Doppler says he is investigating the disappearance of Milo, who a local bartender said was headed to Andrew’s house two night’s prior. Andrew implies those in bars are not reliable witnesses because of being steeped in an alcoholic atmosphere. Andrew tries throwing the word “vinous” over Doppler’s head, but Doppler catches the reference to wine. Doppler looks at the wall and there is a hole in it that could have been caused by a bullet. He tells Andrew that a person passing by said he heard gunshots coming from the manor. Doppler plays with one of Andrew’s “automata,” which is a clown doing gymnastics.

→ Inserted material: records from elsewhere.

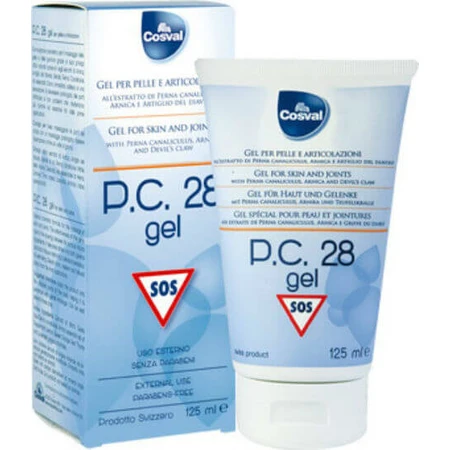 Cosval P.C 28 GEL 125ml Gel à base de plantes pour les douleurs musculaires et articulaires 125ml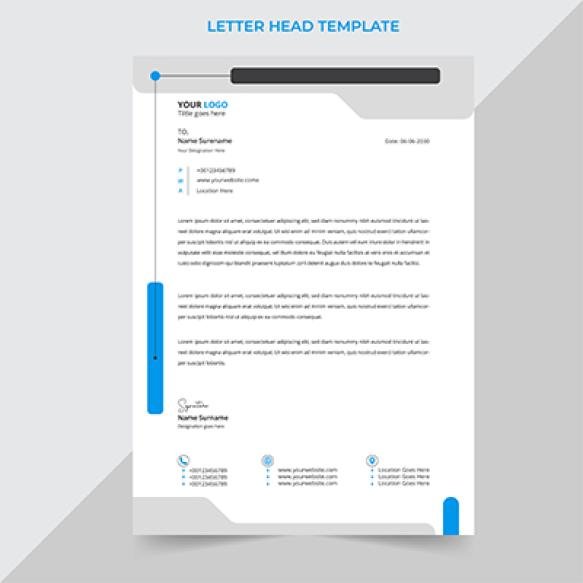Modern Corporate Letterhead Template Premium Vector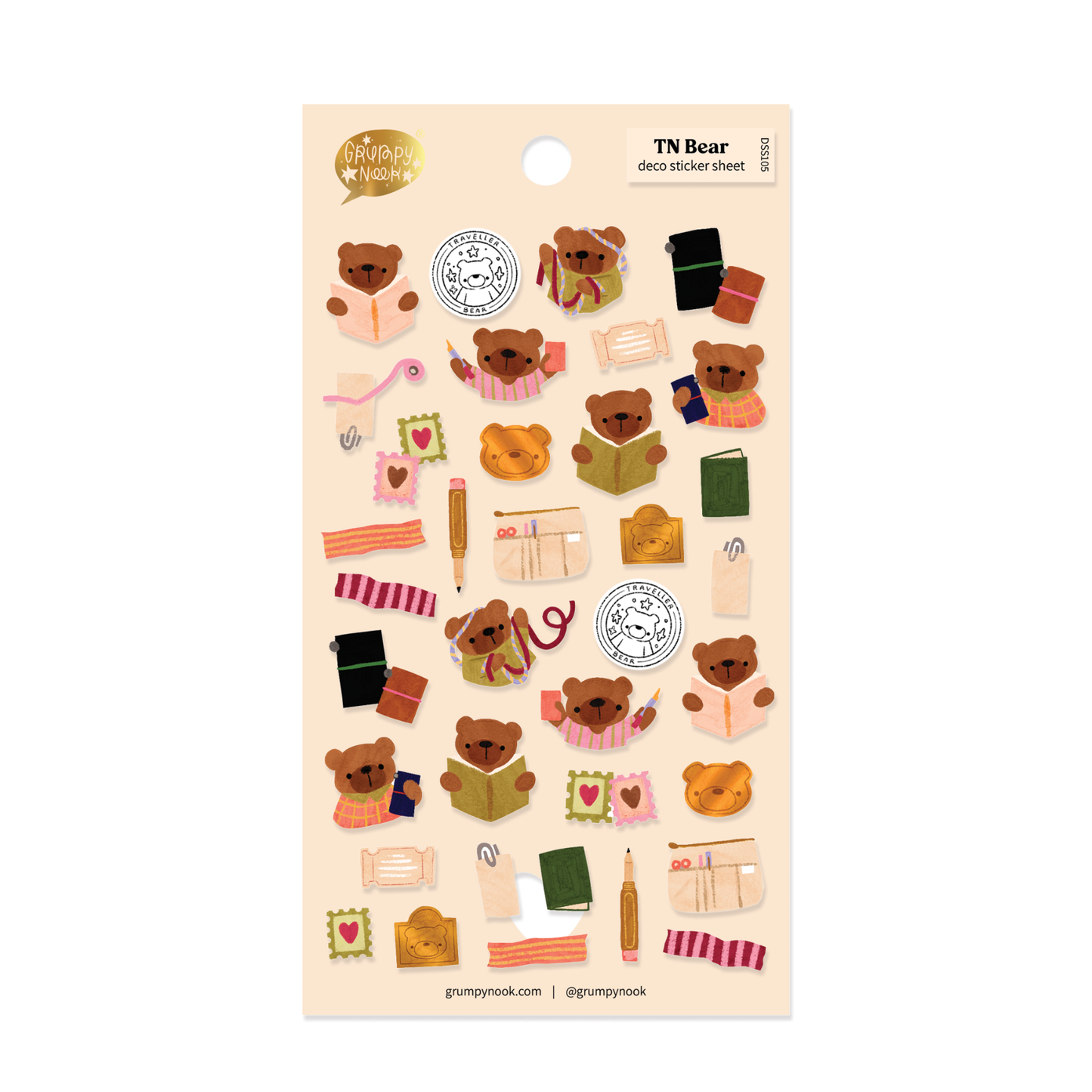 TN Bear Deco - Sticker Sheet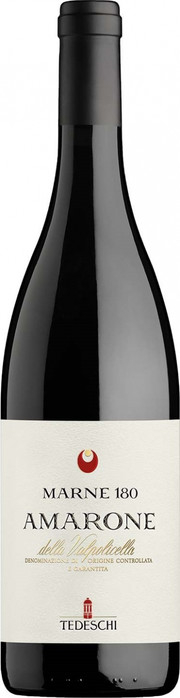 Вино Tedeschi Marne 180 Amarone della Valpolicella DOCG Тедески Марне 180 Амароне делла Вальполичелла 2019 750 мл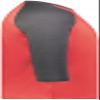 Youth Gameday Vintage 3/4 Tee Scarlet Heather/Carbon Heather S view 4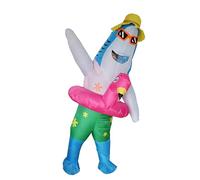 FXICH Costume de Requin Gonflable pour Adulte - Déguisement Amusant pour Halloween - Bleu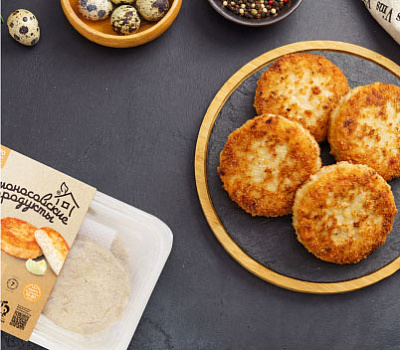 1+1 на сливочные куриные оладушки 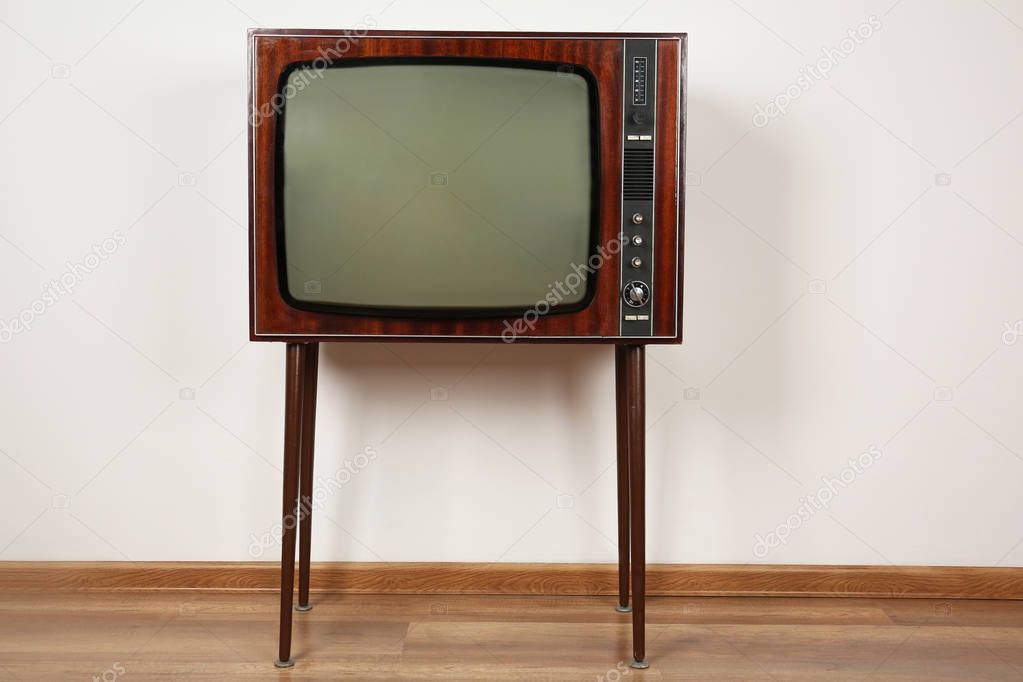 Retro TV on white 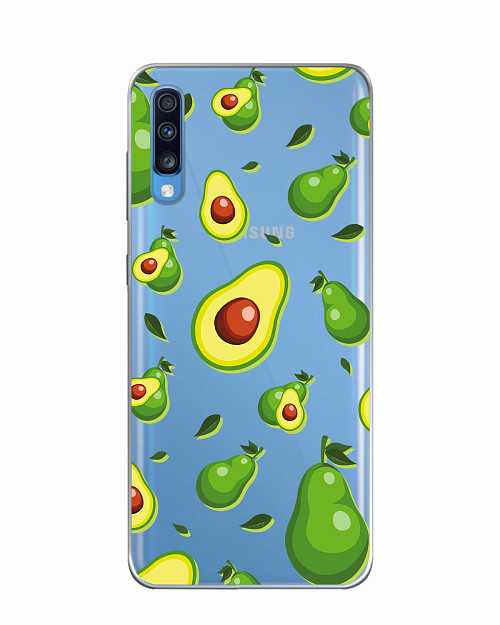 Силиконовый чехол для Samsung A70 Дождь из авокадо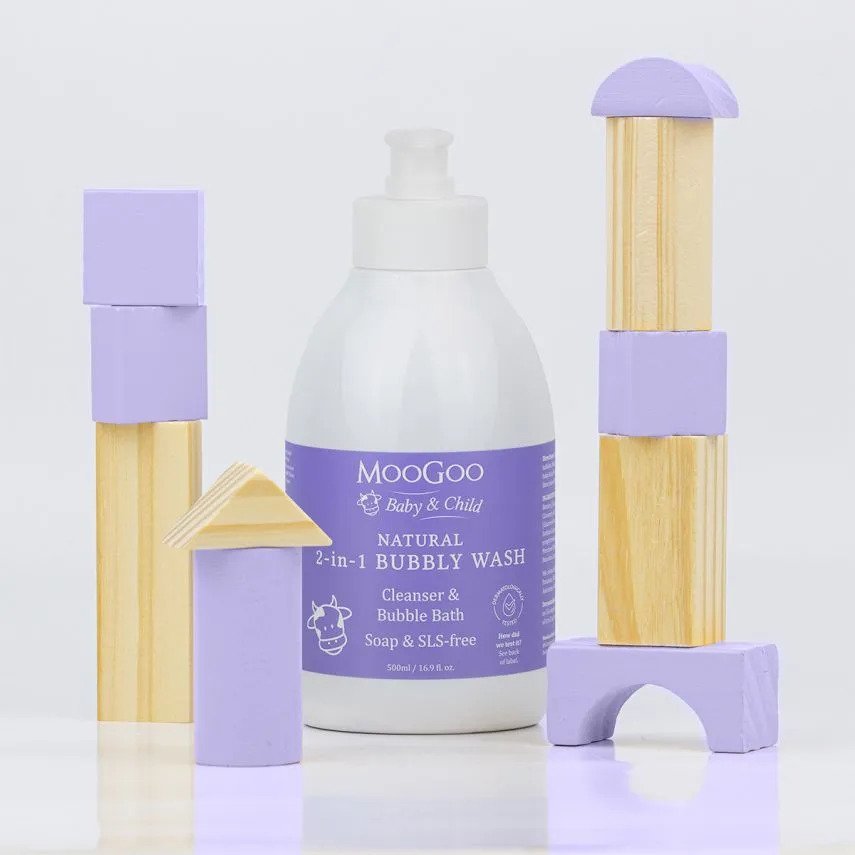 Wholesale Moogoo Natural 2-in-1 Bubbly Wash 500ml Baby & Child Fairly Effective Shower Gel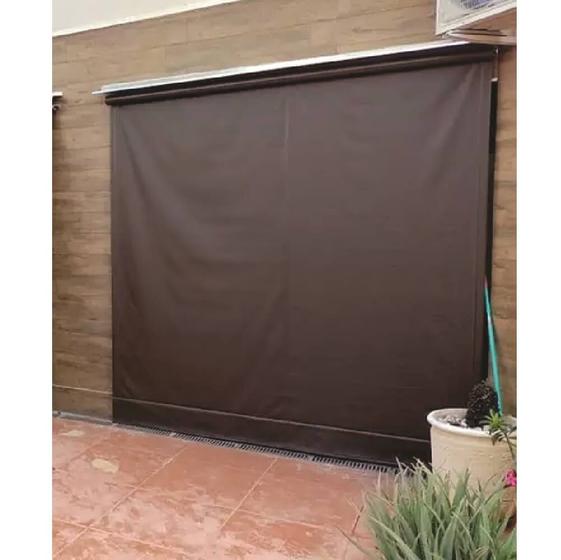 Imagem de Toldo Cortina Marrom - 1,50m x 1,90m - kit completo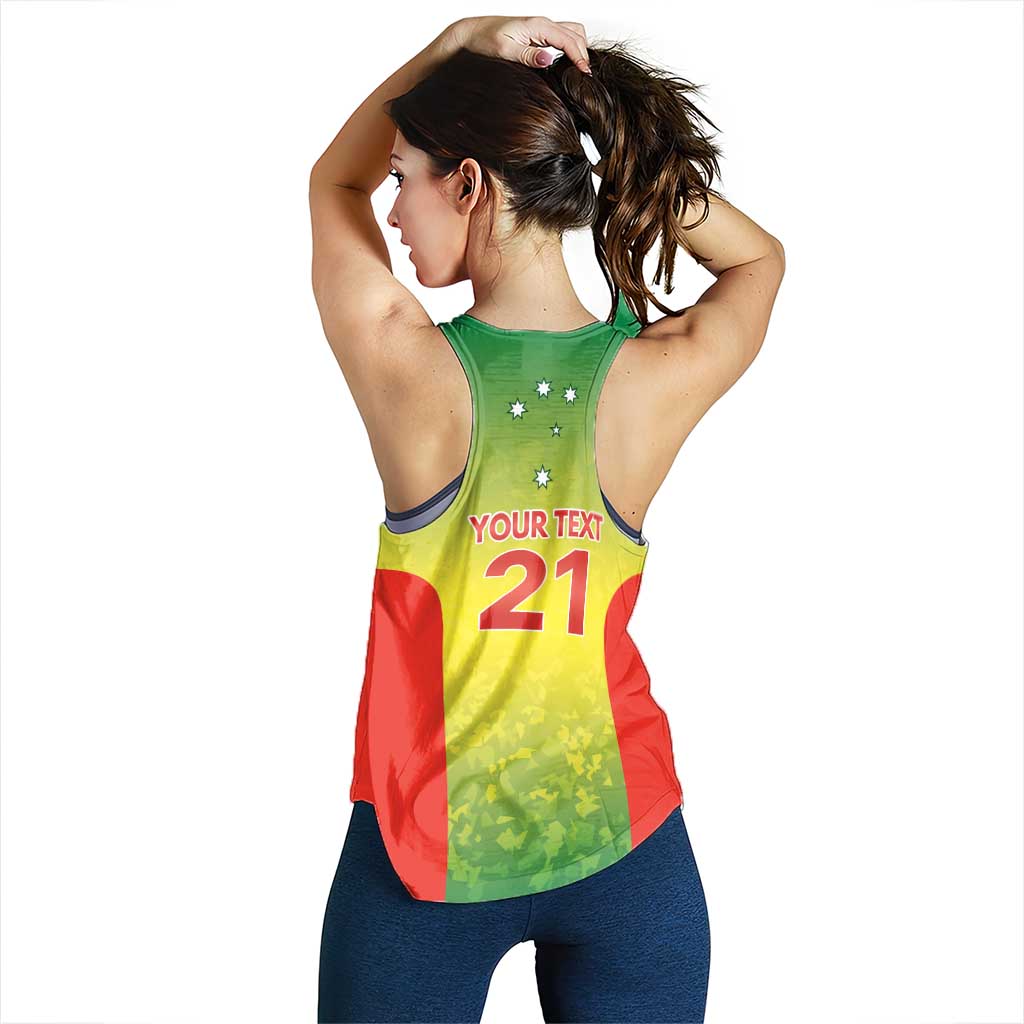 Australian Tasmania Lawn Bowls Custom Women Racerback Tank Aussie Minimalist Style - Aussie Hoodie
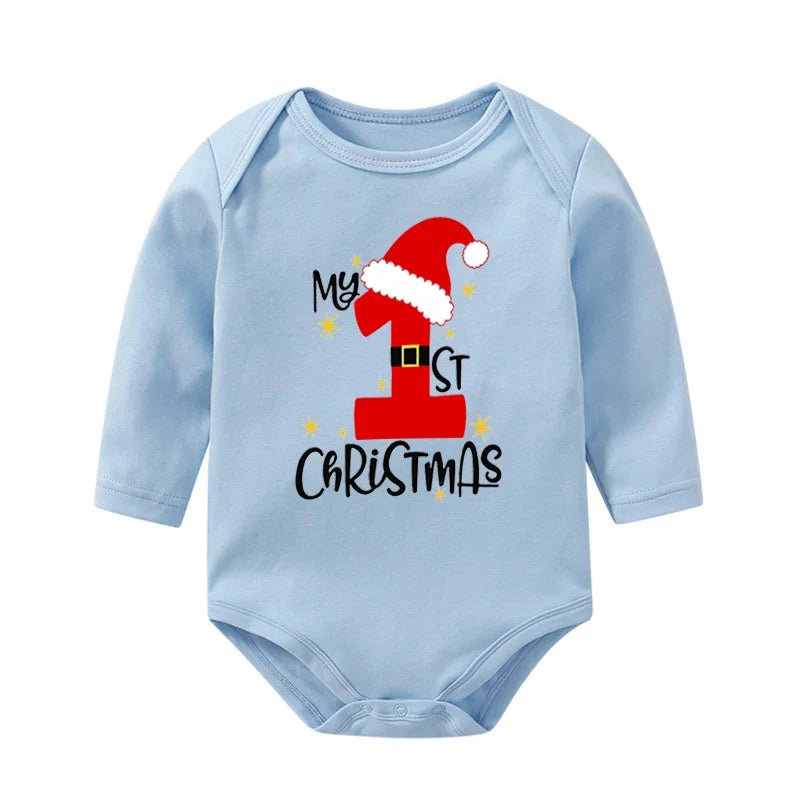 1st Christmas Baby Bodysuits
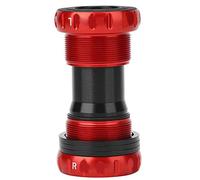 Soporte inferior de bicicleta de montaña ligero de aleación de aluminio, BB roscado con rodamientos de cerámica, componente de juego de bielas de alta precisión para condiciones ad (Roja)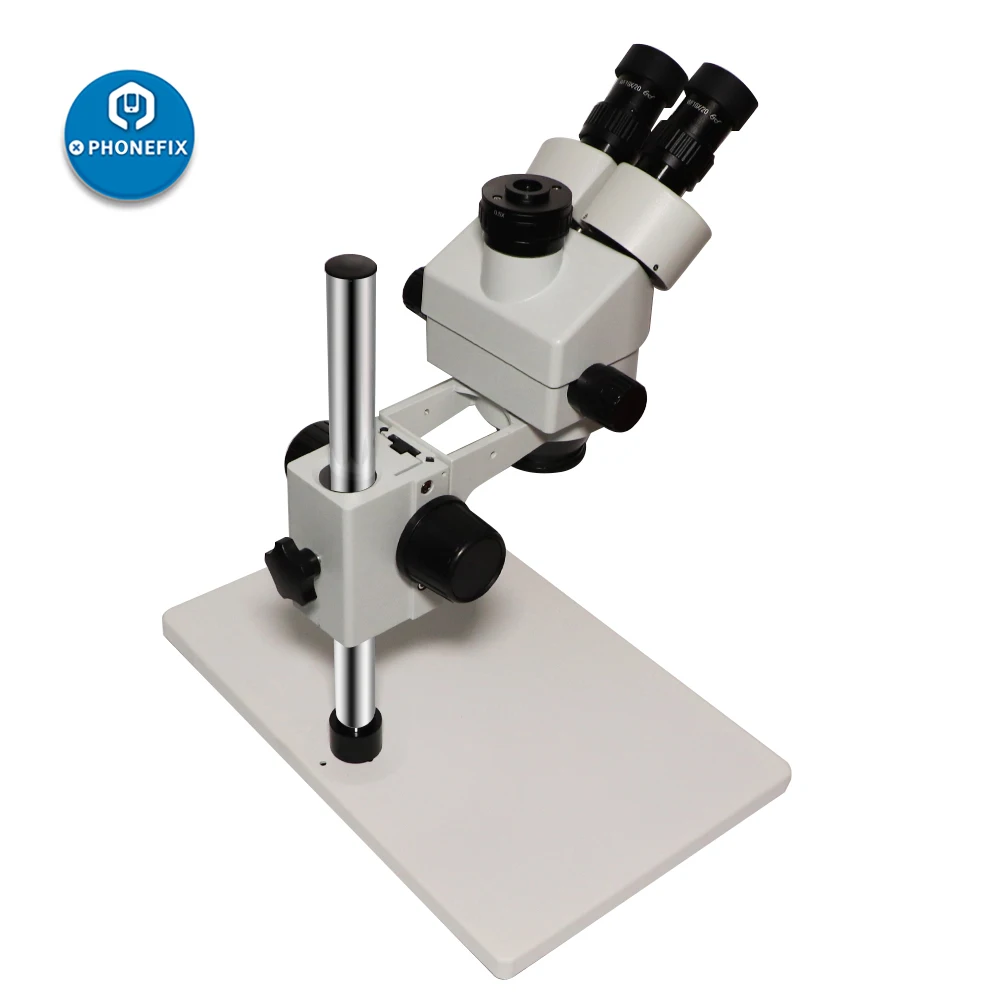 7X-45X Simul-focal Trinocular Stereo Microscope Digital 38MP HDMI Camera Video Microscope 0.5X C mount for Phone PCB Chip Repair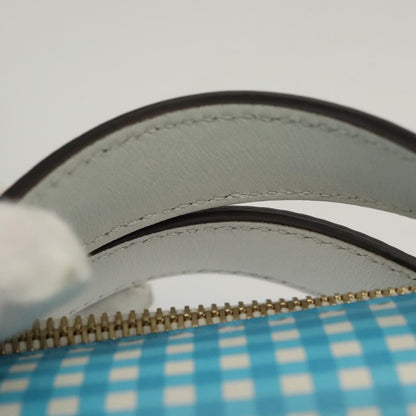 Fendi By The Way Satchel Printed Leather, BLUE, LEATHER, Handbag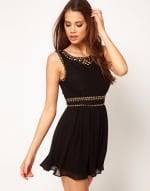 Black studded dress at Asos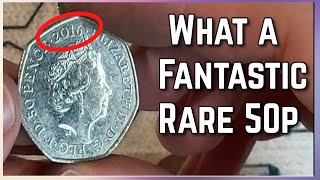 The Unbelievable Luck Continues Rare 50p Coins  Coin Hunting [upl. by Annahpos]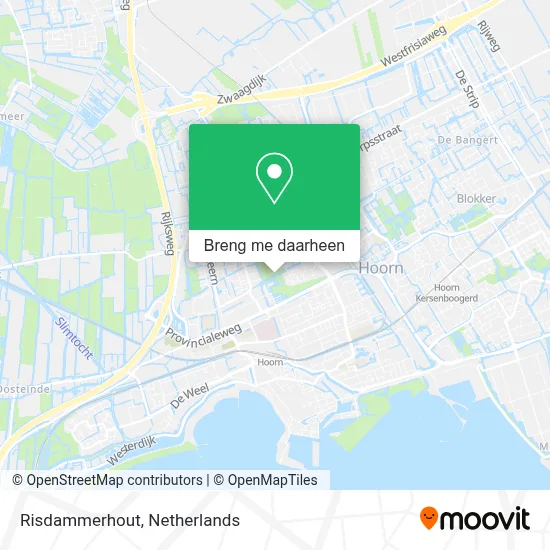 Risdammerhout kaart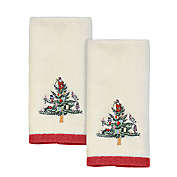 Spode Christmas Tree Fingertip Towels in Ivory (Set of 2)
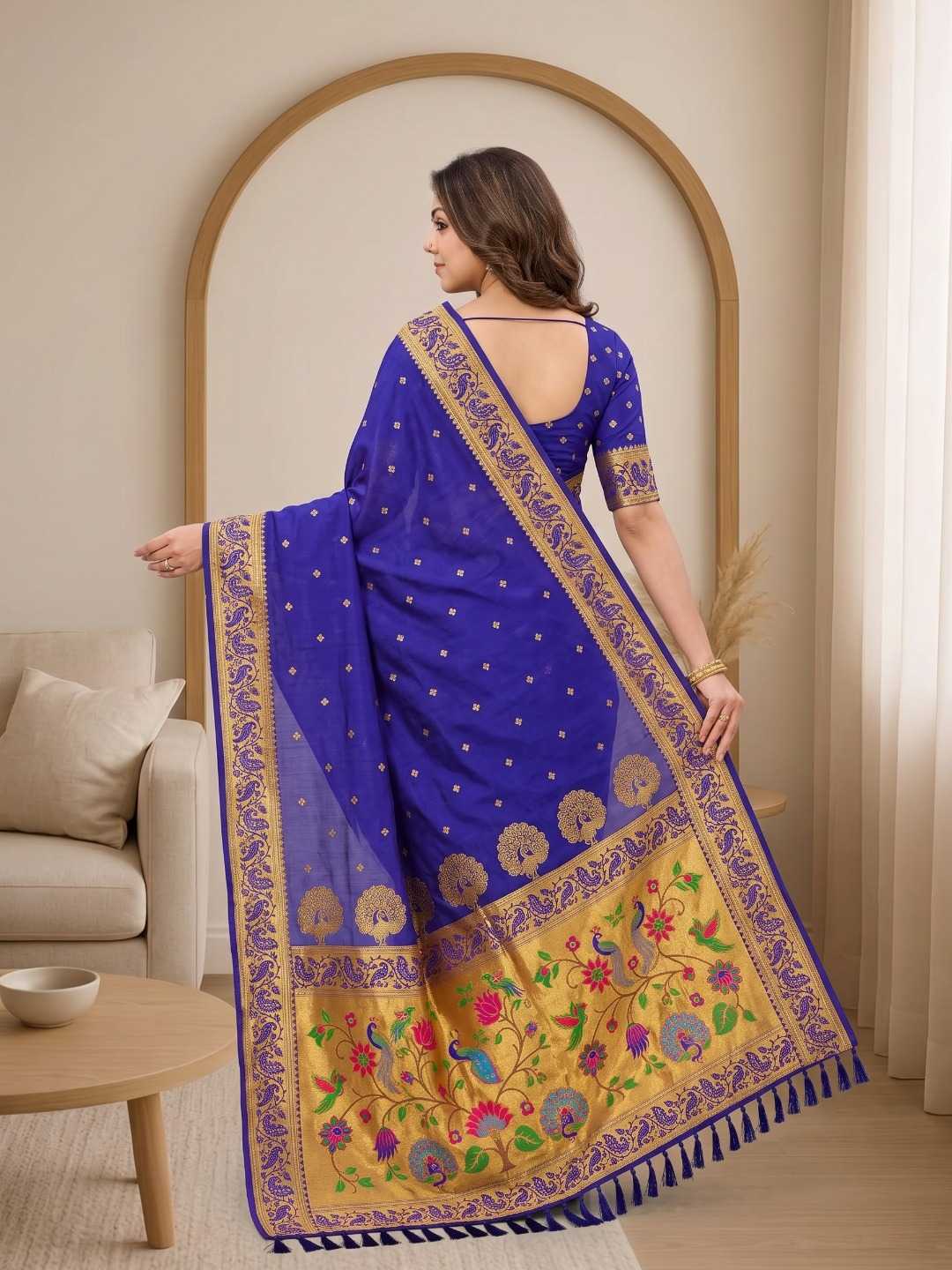 YNF Wholesale Soft Silk Paithani Sarees KESH692 MORNI | Surat Manufacturer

This activity leads us to think of Milo dressed as a clown. Another clue. Doppler says they couldn’t contact Milo but at his cottage they found Andrew’s note asking Milo to visit him, confirming the bartender's information. (IMDb notes that the picture of Marguerite that Andrew shot has been replaced by a photograph of renowned mystery writer Agatha Christie). 

 

Andrew says that he and Milo played a burglary game, but Doppler is not approving of the supposed playfulness of the activity. Andrew says that Milo was there for ninety minutes and left, but Doppler points out that nobody has seen the man since. Andrew belittles Doppler’s investigative technique by comparing it to the stock detective character in mystery books. But Doppler nobly confirms that he is just “doing his job,” which supposedly aristocrats don’t really appreciate. Doppler learned of Milo’s association with Marguerite, and Doppler points out that Andrew had the “means,” “motive” and “opportunity” to do away with Milo. 

 

As he leads Doppler to the cellar, Andrew admits that he wouldn’t accept having his wife taken from him by the likes of a lower-class phony Englishman such as Milo. And Andrew admits that playing his sort of games is his whole life. Doppler repeats what was noted earlier that Andrew’s preoccupation with game-playing “sounds a bit sad to me, sir. Like a child not growing up.” Andrew defends his activities by boasting that his games are so complex “that Jung and Einstein would have been proud to have been asked to participate in them.” Andrew’s grandiosity is in full bloom here, comparing himself to great historical minds, maybe even saying he ranks above them since they would be grateful to join him if he deemed to ask them. Andrew makes the argument that “sex is the game. Marriage is the penalty,” so he wasn’t upset about ending his marriage. But not, it seems, as he said earlier, to a less noble Englishman.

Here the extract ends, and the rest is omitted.